>>109038036
It's easy to get started. Open up the editor (windowed version to start with, not terminal).
Go to the "Buffers" menu and select *scratch*. This switches your current buffer to the lisp interaction buffer. In this buffer, you can evaluate expressions that modify the life configuration. Expressions that you evaluate here can then be copied into $HOME/.emacs.d/init.el (or whatever it is on windows I don't remember. A long long time ago it used to be C:\_emacs.el but I'd imagine that's no longer the default).
Try copy/pasting this indo the *scratch* buffer:
(set-background-color "dim gray")
(set-foreground-color "medium spring green")
(set-background-color "light gray")
(set-foreground-color "dark slate gray")
Place your cursor at the end of the first line, then type "ctrl+alt+x". This will change the background to a darkish grey.
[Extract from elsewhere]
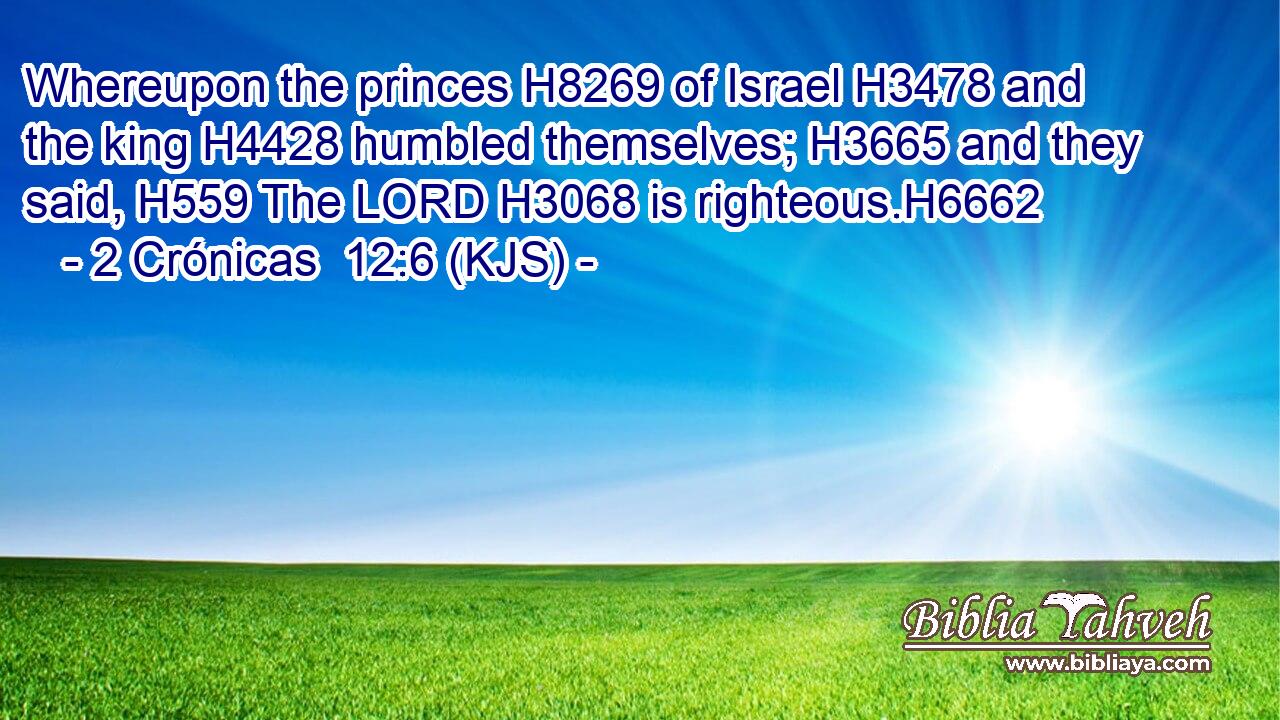 Whereupon the princes H8269 of Israel H3478 and the king H4428 humbled themselves; H3665 and they said, H559 The LORD H3068 is righteous.H6662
Move to the next line and type "ctrl+alt+x" again. This will make the text green. Evaluate the next two expressions to change to a light-on-dark theme.
Now type "alt-x"
The cursor will move down to the minibuffer at the bottom of the screen. Type in "set-foreground-color" (or just set-fo<tab>) to tab-complete the command. Then press enter. Type in "black" when it says "Foreground Color: ".
Now paste in this to the *scratch* buffer:
(defun my-dark-theme ()
(interactive)
(set-background-color "dim gray")
(set-foreground-color "spring green"))
Place your cursor after the very last paren you typed, and press "ctrl-alt-x". Nothing will happen, except a 't' should show up in the minibuffer.
Now, use "alt-x" to like you did above to run the command except this time start typing "my-<tab>", it should auto-complete to the my-dark-theme function you just defined. Pressing enter should change the theme.
Now you can just use the file menu to create $HOME/.emacs.d/init.el, which runs at startup.